Structured Query Language (SQL)
A syntax for defining and manipulating data from a relational database. Developed by IBM in the 1970s, it has become an industry standard for query languages in most relational database management systems.
Tag
A tag is a keyword or term assigned to a piece of information or a file. This type of metadata helps describe an item and allows it to be found by browsing or searching.
Theme
An ArcView theme stores map features as primary features (such as arcs, nodes, polygons, and points) and secondary features such as tics, map extent, links, and annotation.

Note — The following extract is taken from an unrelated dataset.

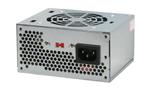 SL-B220SFX Power Supply, Facturen@maascomputers.nl, Ophalen of Verzenden, Cargadoorweg 23, 6541 BT Nijmegen, Maas Computers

A theme usually represents a single geographic layer, such as soils, roads, or land use.
Unstructured Data
Unstructured data (or unstructured information) is information that either does not have a pre-defined data model or is not organized in a pre-defined manner, such as a flat file. Unstructured information is typically text-heavy, but may contain data such as dates, numbers, and facts as well.
Visualization
A visual representation of data, such as a chart, graph or dashboard, is often the easiest way of communicating with data, bringing out its key features. Many visualization tools exist such as Google Charts, Excel, ArcGIS, Tableau, and PowerBI. Creating a dataset’s visualization requires careful attention to the meaning of the variables, the relations between them and the stories.
XML
Extensible Markup Language, is a flexible file format designed to store, transport and share data over the Internet. XML is both human- and machine-readable.